# Task to complete:
From the data that follows, print exactly the lines starting at the one containing "2023 STEEL UNLIMITED" and ending at the one containing "Active With Contract: $349,900"; include both of them and nothing more.

# Study material:
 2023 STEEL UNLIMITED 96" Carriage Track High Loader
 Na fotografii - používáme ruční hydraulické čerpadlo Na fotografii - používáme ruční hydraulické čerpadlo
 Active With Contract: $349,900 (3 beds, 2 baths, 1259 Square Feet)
...
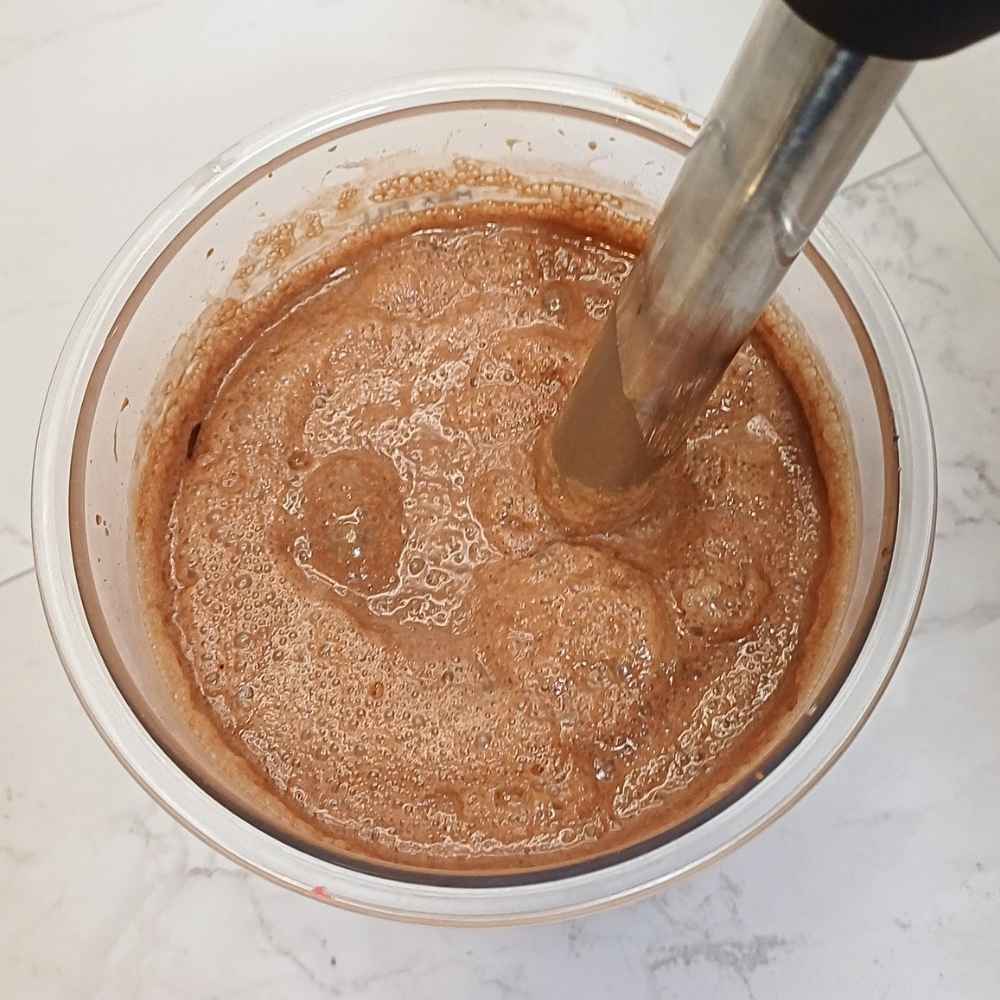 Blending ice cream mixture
--
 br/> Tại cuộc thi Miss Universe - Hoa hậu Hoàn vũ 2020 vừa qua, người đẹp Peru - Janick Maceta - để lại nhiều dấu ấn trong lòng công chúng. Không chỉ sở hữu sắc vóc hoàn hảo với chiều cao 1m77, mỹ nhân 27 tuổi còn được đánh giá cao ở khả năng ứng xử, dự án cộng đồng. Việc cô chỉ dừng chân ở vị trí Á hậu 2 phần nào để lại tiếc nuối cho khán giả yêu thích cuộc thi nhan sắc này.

# Exercise result:
 2023 STEEL UNLIMITED 96" Carriage Track High Loader
 Na fotografii - používáme ruční hydraulické čerpadlo Na fotografii - používáme ruční hydraulické čerpadlo
 Active With Contract: $349,900 (3 beds, 2 baths, 1259 Square Feet)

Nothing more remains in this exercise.